(Exercise): Return the following data exactly, with all pictures left out.

(Extracted entries):
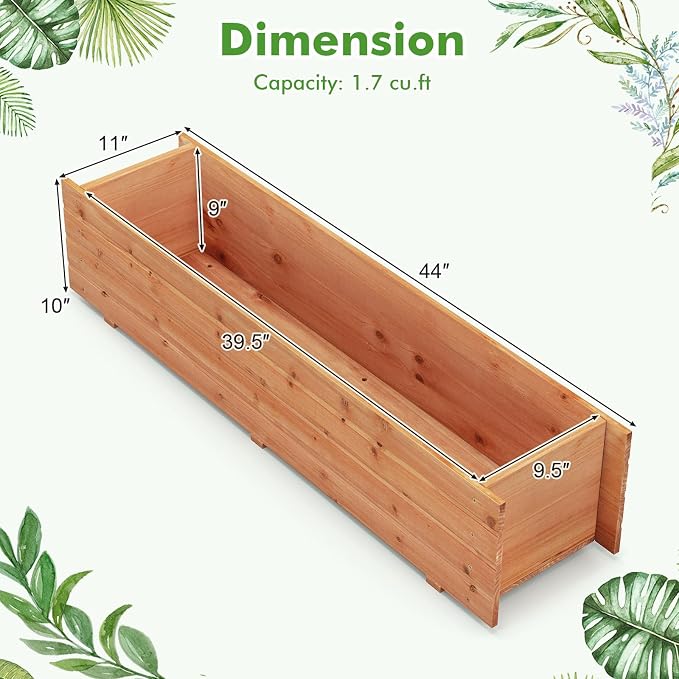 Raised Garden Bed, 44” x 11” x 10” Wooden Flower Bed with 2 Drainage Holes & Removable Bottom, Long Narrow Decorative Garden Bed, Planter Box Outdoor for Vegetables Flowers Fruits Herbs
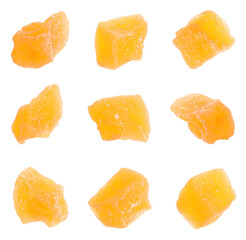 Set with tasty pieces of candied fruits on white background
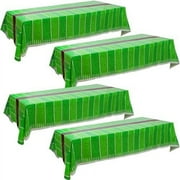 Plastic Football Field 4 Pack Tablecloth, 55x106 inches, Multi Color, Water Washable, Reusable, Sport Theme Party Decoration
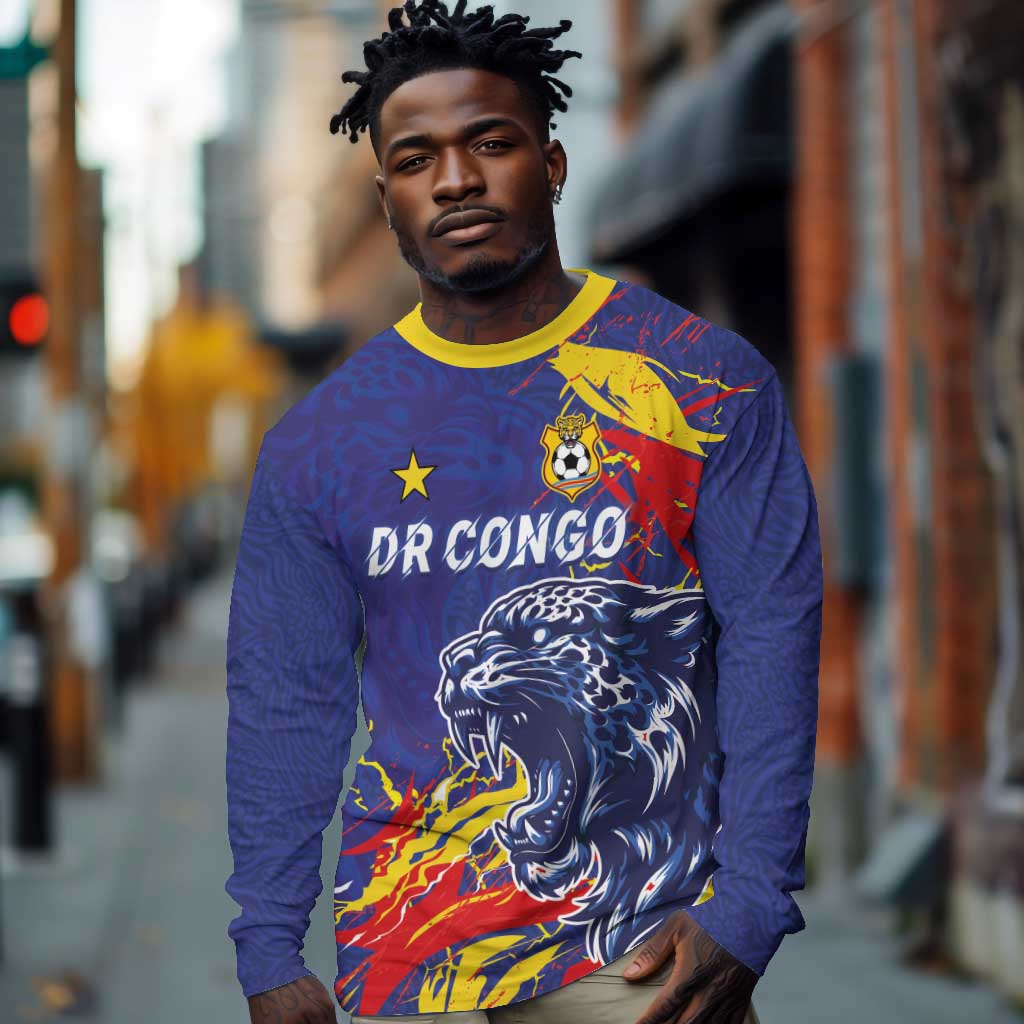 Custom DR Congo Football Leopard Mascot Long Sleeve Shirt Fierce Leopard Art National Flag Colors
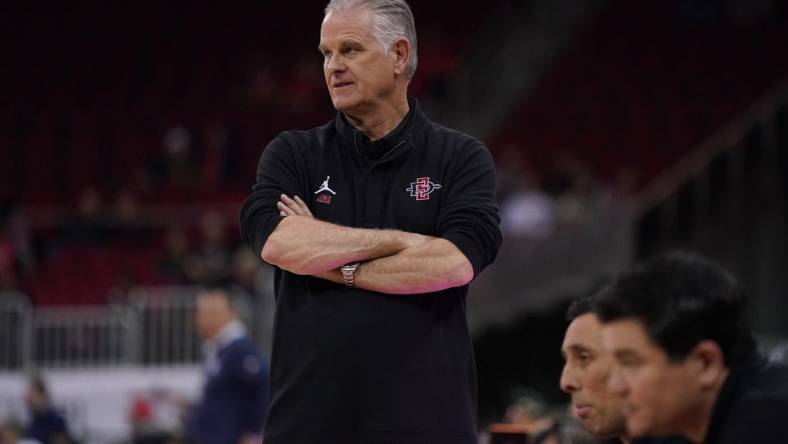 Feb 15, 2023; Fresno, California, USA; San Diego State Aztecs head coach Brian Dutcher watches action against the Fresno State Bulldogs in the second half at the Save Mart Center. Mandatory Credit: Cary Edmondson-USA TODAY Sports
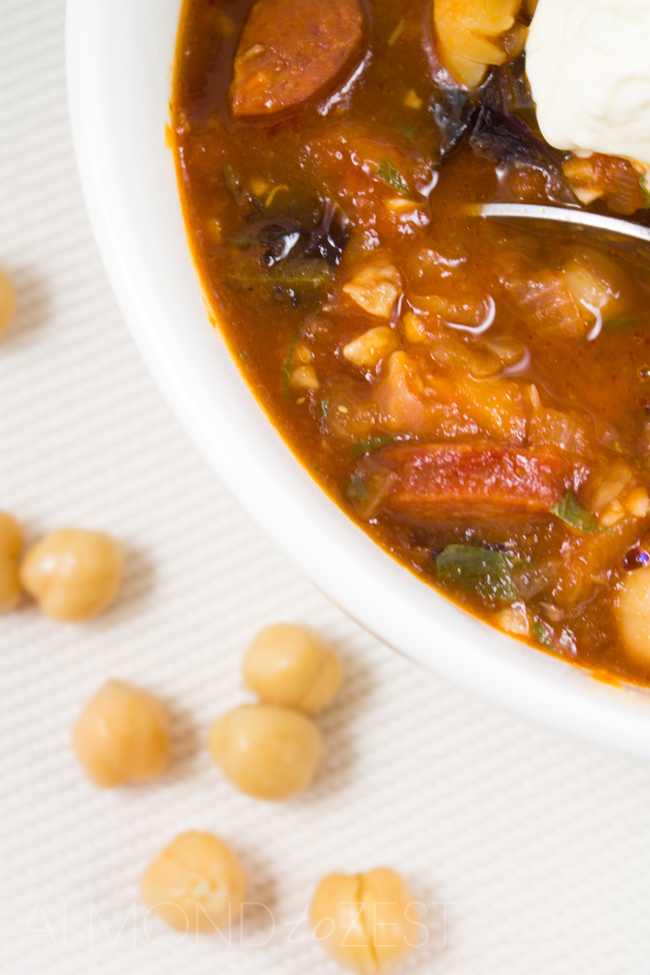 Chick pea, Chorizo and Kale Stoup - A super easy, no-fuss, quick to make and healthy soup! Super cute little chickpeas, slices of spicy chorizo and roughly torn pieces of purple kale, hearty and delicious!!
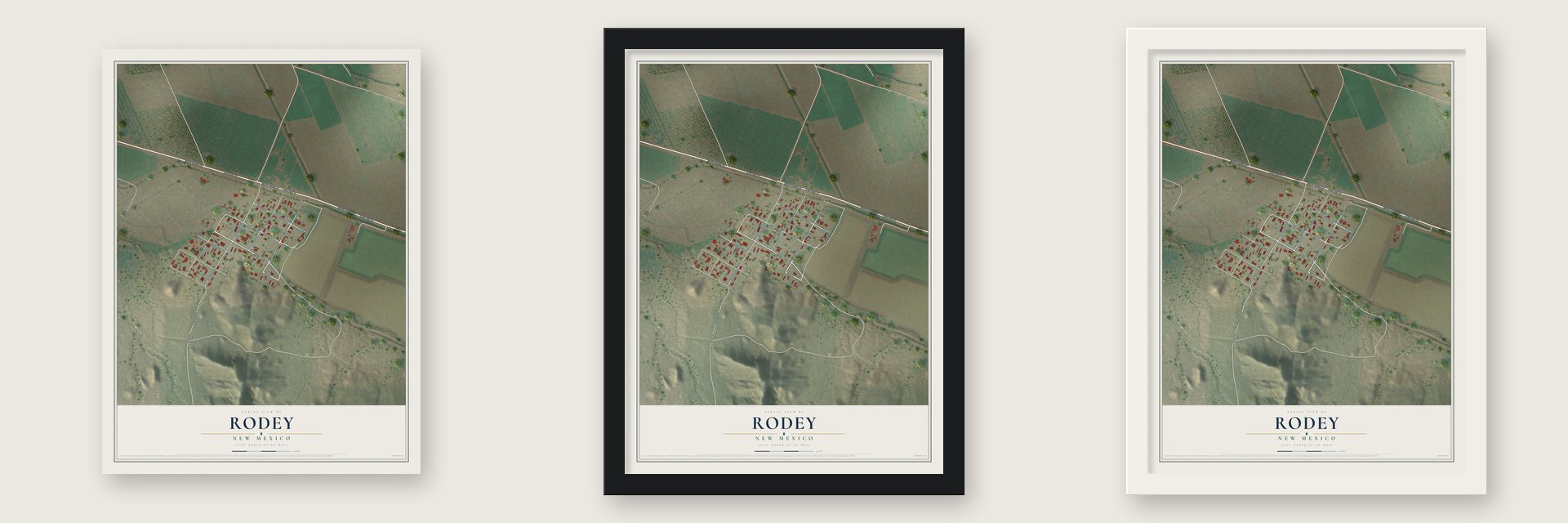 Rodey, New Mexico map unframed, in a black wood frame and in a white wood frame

(Answer below):
 Raised Garden Bed, 44” x 11” x 10” Wooden Flower Bed with 2 Drainage Holes & Removable Bottom, Long Narrow Decorative Garden Bed, Planter Box Outdoor for Vegetables Flowers Fruits Herbs
 Set with tasty pieces of candied fruits on white background
 Plastic Football Field 4 Pack Tablecloth, 55x106 inches, Multi Color, Water Washable, Reusable, Sport Theme Party Decoration
 Custom DR Congo Football Leopard Mascot Long Sleeve Shirt Fierce Leopard Art National Flag Colors
 Feb 15, 2023; Fresno, California, USA; San Diego State Aztecs head coach Brian Dutcher watches action against the Fresno State Bulldogs in the second half at the Save Mart Center. Mandatory Credit: Cary Edmondson-USA TODAY Sports
 Chick pea, Chorizo and Kale Stoup - A super easy, no-fuss, quick to make and healthy soup! Super cute little chickpeas, slices of spicy chorizo and roughly torn pieces of purple kale, hearty and delicious!!
 Rodey, New Mexico map unframed, in a black wood frame and in a white wood frame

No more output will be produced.